5’inci ayette Davut, hastalığını Tanrı’nın öfkesinin bir belirtisi olarak yorumlar. Tanrı’nın terbiyesinin, öfkesinin değil, sevgisinin bir işareti olduğunu biliriz (İbr.12:6). Ancak bizler bile sık sık, hastalık ve sıkıntının Tanrı’nın hoşnutsuzluğunun işaretleri olduğu gibi yanlış bir düşünceye kapılırız.

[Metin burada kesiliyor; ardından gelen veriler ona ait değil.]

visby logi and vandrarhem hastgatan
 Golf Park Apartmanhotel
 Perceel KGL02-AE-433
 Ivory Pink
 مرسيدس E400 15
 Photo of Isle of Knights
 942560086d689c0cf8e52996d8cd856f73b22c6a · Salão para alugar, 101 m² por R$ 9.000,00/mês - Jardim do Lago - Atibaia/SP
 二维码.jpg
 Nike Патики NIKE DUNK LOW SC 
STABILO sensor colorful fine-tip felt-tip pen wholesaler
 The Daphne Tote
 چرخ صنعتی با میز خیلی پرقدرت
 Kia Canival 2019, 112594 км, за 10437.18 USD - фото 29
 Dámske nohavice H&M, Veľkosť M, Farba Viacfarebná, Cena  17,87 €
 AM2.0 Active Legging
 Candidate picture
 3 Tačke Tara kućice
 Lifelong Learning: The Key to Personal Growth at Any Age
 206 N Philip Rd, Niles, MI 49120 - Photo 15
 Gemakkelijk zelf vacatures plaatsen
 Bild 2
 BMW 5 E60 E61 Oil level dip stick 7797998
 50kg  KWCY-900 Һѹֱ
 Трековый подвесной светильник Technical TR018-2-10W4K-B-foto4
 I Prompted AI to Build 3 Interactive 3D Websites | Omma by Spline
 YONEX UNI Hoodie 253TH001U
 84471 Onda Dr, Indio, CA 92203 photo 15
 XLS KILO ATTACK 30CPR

9’uncu ayette Davut, ölen bir imanlının övgüsünün sona ereceğini söyler. Yeryüzündeyken övgü ve tanıklıktan söz etmek elbette doğrudur. Ama bizler, Yeni Antlaşma öğretişinden, bir imanlı öldüğünde bedeninin mezara, ruhunun ise Mesih’in yanına gittiğini biliriz (2Ko.5:8; Flp.1:23). İmanlı, Rab’bin huzurundadır ve yeryüzünde asla tapınamayacağı bir biçimde O’na tapınır. Eski Antlaşma kutsalları bunu bilemezlerdi. Mesih, Müjde aracılığıyla yaşamı ve ölümsüzlüğü ışığa çıkarmıştır (2Ti.1:10).
Burada önemli olan şudur: Pek çok konuda bize göre daha sınırlı bilgileriyle, Eski Antlaşma kutsallarının çoğu, bizi iman, dua, gayret ve adanma konularında geçmiş gibidirler!
30:11 Şimdi Davut’a dönelim. 9 ve 10’uncu ayetler bize, hastalığın sancıları içindeyken Tanrı’ya ettiği duayı aktarır. Yanıtı ise 10 ve 11’inci ayetlerde buluruz; Rab tarafından iyileştirilir. Mezmurun son iki ayeti bu iyileşmeyi kutlar. Davut için aradaki fark, bir cenazenin yasıyla bir düğünün sevinci arasındaki farka benziyordu. Başka bir değişle, yeni bir takım elbise gibiydi. Tanrı, Davut’un çulunu çıkartmış ve onu sevinç giysileriyle donatmıştı.